= What to produce =
Nothing but the lines below from the one holding "download our free" up to and including the one holding "汝南长途救护车护送病人返乡" should be copied, exactly and without pictures.

┄┄┄┄┄┄┄┄┄┄┄┄┄┄┄┄┄┄┄┄

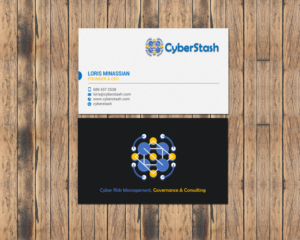 Visitenkarten-Design von chandrayaan.creative für CyberStash | Design: #18827127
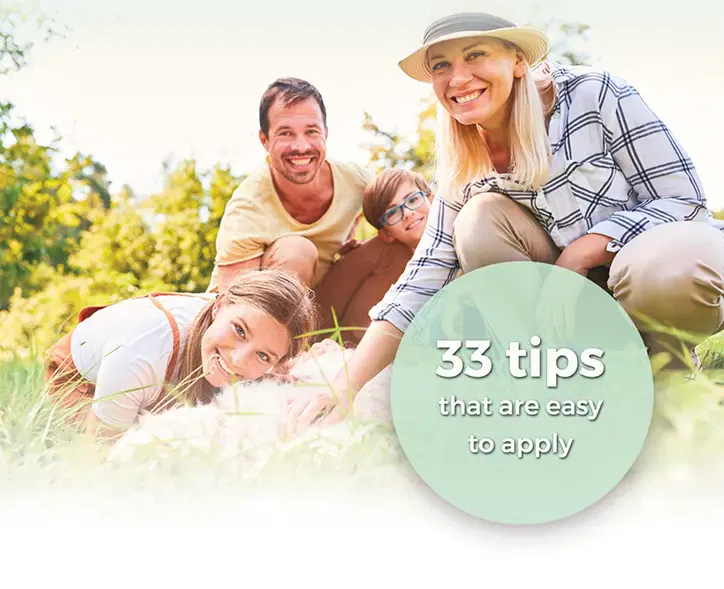 download our free e-book with 33 tips to avoid radiation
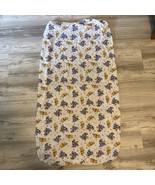 Disney Winnie The Pooh Fitted Crib Sheet Tigger Pooh Piglet 50/50 Vintag... - $13.42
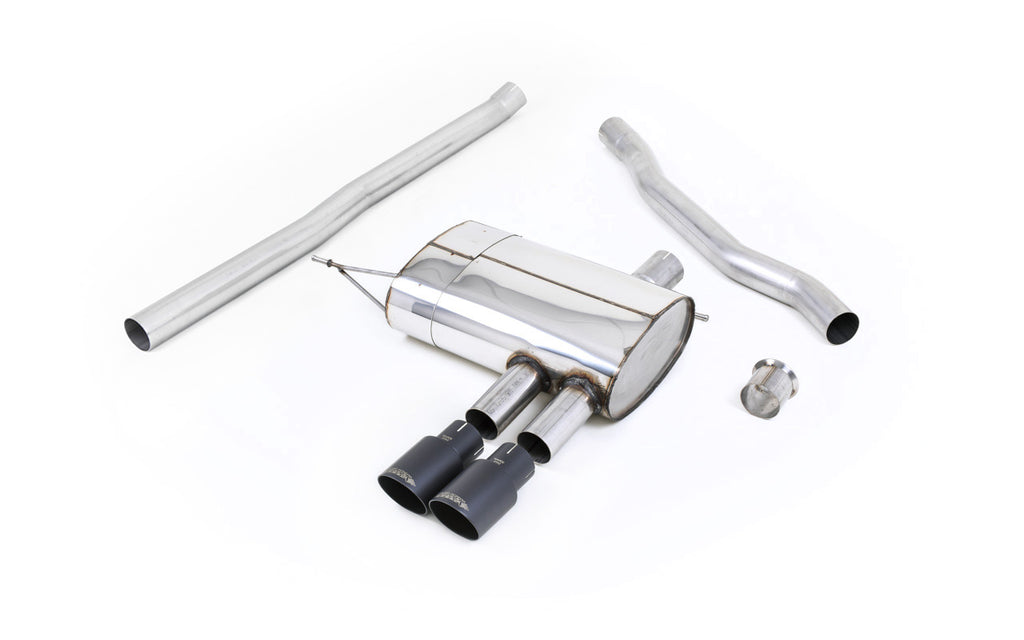 Mini Cooper S F56 - Non-Resonated (Louder) Cat-Back Exhaust System with Cerakote Black Tips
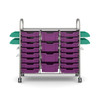 Callero STEAM Treble Trolley - 16 Shallow & 4 Deep Trays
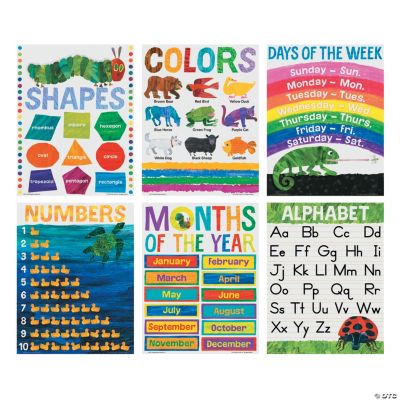 17" x 22" World of Eric Carle Basic Skills Cardstock Posters - 6 Pc ...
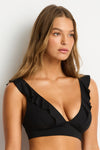 Eco Essentials Frill Bra in  | Sea Level Australia 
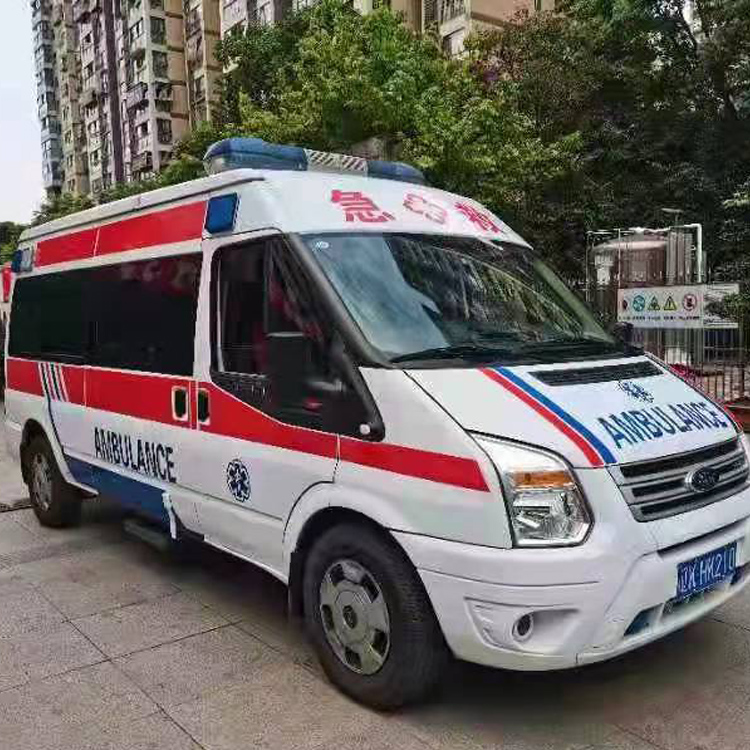 汝南长途救护车护送病人返乡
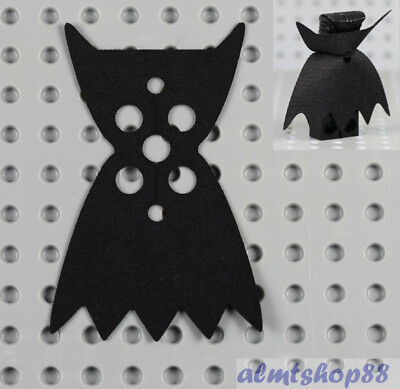LEGO - Cape Black Lord Dracula Vampire Style  - Minifigure Castle Fantasy LotR 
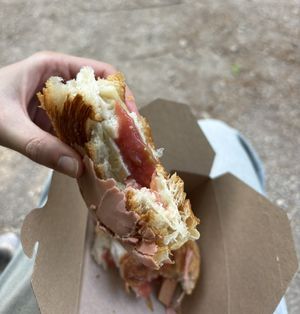 rhubarb roll  at Chez Fritz in Vienna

┄┄┄┄┄┄┄┄┄┄┄┄┄┄┄┄┄┄┄┄

= Response below =
 download our free e-book with 33 tips to avoid radiation
 Disney Winnie The Pooh Fitted Crib Sheet Tigger Pooh Piglet 50/50 Vintag... - $13.42
 Mini Cooper S F56 - Non-Resonated (Louder) Cat-Back Exhaust System with Cerakote Black Tips
 Callero STEAM Treble Trolley - 16 Shallow & 4 Deep Trays
 17" x 22" World of Eric Carle Basic Skills Cardstock Posters - 6 Pc ...
 Eco Essentials Frill Bra in  | Sea Level Australia 
 汝南长途救护车护送病人返乡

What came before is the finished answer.